RDF-wise we I think we would need to express these attributes outside
the regular graph.


For instance with anonymous nodes and prov:wasCharacterisedBy :

:e1 a prov:Entity ;
  prov:wasCharacterisedBy [
     car:company "Toyota" ;
       car:model "Corolla" ;
      car:identification "1a"
  ] .

:e2 a prov:Entity ;
  prov:wasCharacterisedBy [
     car:company "Toyota" ;
     car:model "Corolla" ;
     car:identification "1a" ;
     car:owner "tom"
  ] .

:e3 a prov:Entity ;
  prov:wasCharacterisedBy [
     car:company "Toyota" ;
     car:model "Corolla" ;
     car:identification "1a" ;
     car:owner "luc"
  ] .

# Other statements, not part of prov:wasCharacterisedBy
:e1 car:hasColor "blue" .
:e2 car:hasColor "blue" .
:e3 car:hasColor "blue" .



If prov:wasCharacterisedBy is a subproperty of owl:sameAs you could
with just a tiny bit of reasoning find
  :e3 car:owner "luc";
however this raises lots of nasty questions about what attributes are
part of the characterisation, with reasoning enabled you would just
find
 :e3 prov:wasCharacterisedBy :e3 and every attribute of :e3.

Probably more sensible is to make prov:wasCharacterisedBy a
subproperty of prov:wasComplementOf as that would be true anyway.
(right?)


But what if you are characterised by something with richer attributes?
The Abstract Provenance notation allows only flat attributes:

entity := entity ( identifier , [ attribute-values ] )
attribute-values := attribute-value |attribute-value , attribute-values
attribute-value := attribute : Literal

so:

  entity(e3, [ owner: [ name: "Luc", address: "Southampton" ] ])

would not be allowed. It says Literal, so not even URIs?

  entity(e3, [ owner: <http://id.ecs.soton.ac.uk/person/391> ])
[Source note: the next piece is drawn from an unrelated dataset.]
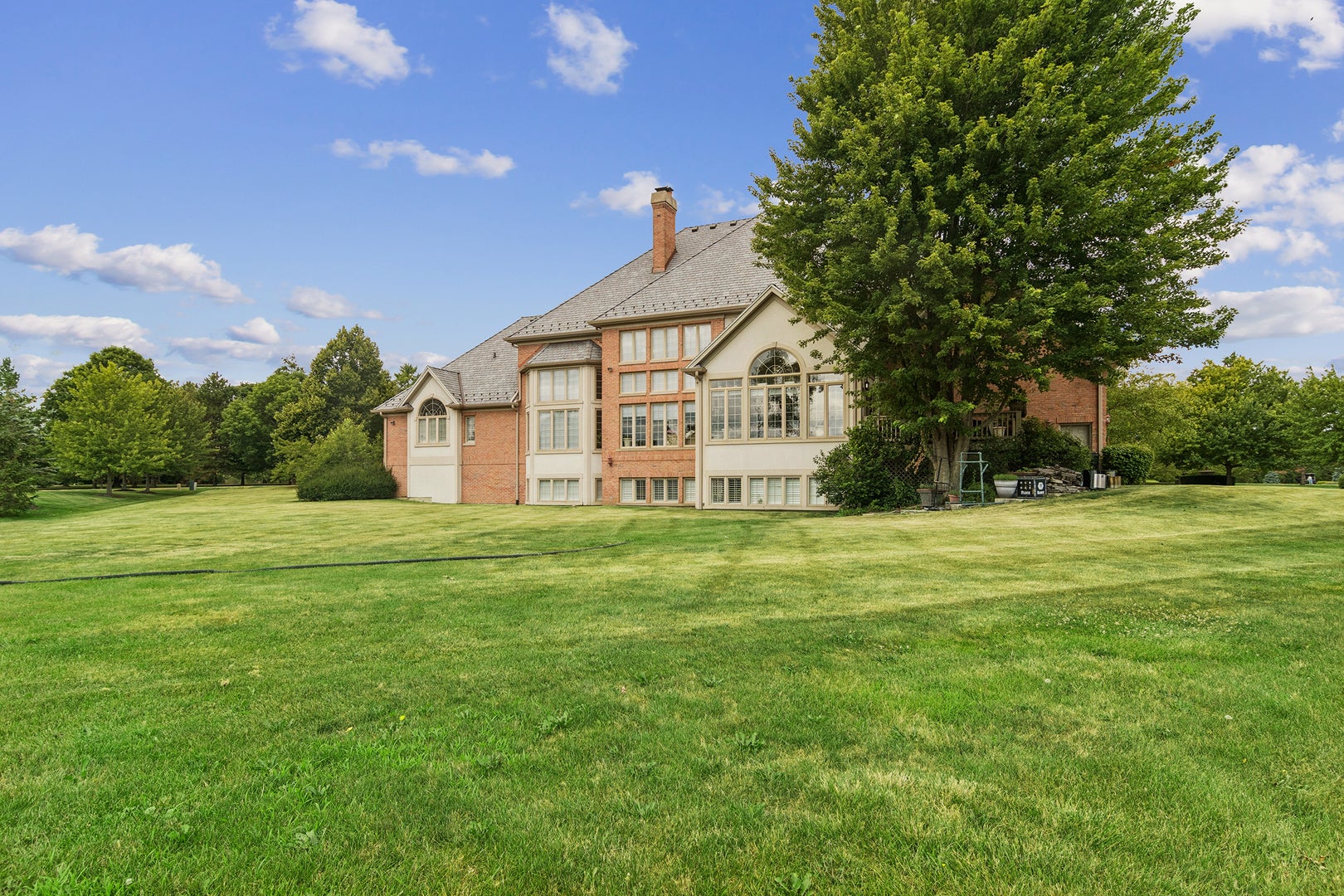 4563 ELEANOR Drive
In RDF this would sound like an arbitrary restriction, in theory in
RDF you could simply do:


:e3 a prov:Entity ;
  prov:wasCharacterisedBy [
     car:company "Toyota" ;
     car:model "Corolla" ;
     car:identification "1a" ;
     car:owner [
       foaf:name "Luc Moreau" ;
       foaf:based_near "Southampton"
     ]
  ] .

However this causes problems the moment you want to use URIs. If you
said simply
  car:owner <http://id.ecs.soton.ac.uk/person/391>
then we can't say anything more about
<http://id.ecs.soton.ac.uk/person/391> within this 'was characterised
by'.

If I did

  car:owner [
       owl:sameAs <http://id.ecs.soton.ac.uk/person/391> ;
       foaf:name "Luc Moreau" ;
       foaf:based_near "Southampton"
  ]

then that raises the sameAs issues as above.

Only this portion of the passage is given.